• [Task brief] Would you transcribe each of the entries exactly, with nothing added or dropped?

>>>

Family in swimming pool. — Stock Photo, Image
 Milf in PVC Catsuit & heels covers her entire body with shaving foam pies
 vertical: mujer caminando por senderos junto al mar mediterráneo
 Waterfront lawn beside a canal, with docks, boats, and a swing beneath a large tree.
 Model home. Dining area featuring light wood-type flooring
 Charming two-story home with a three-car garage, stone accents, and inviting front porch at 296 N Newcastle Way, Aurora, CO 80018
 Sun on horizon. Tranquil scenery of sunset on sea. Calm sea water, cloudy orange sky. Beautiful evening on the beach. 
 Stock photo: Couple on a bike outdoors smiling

<<<

• [Task response]
Family in swimming pool. — Stock Photo, Image
 Milf in PVC Catsuit & heels covers her entire body with shaving foam pies
 vertical: mujer caminando por senderos junto al mar mediterráneo
 Waterfront lawn beside a canal, with docks, boats, and a swing beneath a large tree.
 Model home. Dining area featuring light wood-type flooring
 Charming two-story home with a three-car garage, stone accents, and inviting front porch at 296 N Newcastle Way, Aurora, CO 80018
 Sun on horizon. Tranquil scenery of sunset on sea. Calm sea water, cloudy orange sky. Beautiful evening on the beach. 
 Stock photo: Couple on a bike outdoors smiling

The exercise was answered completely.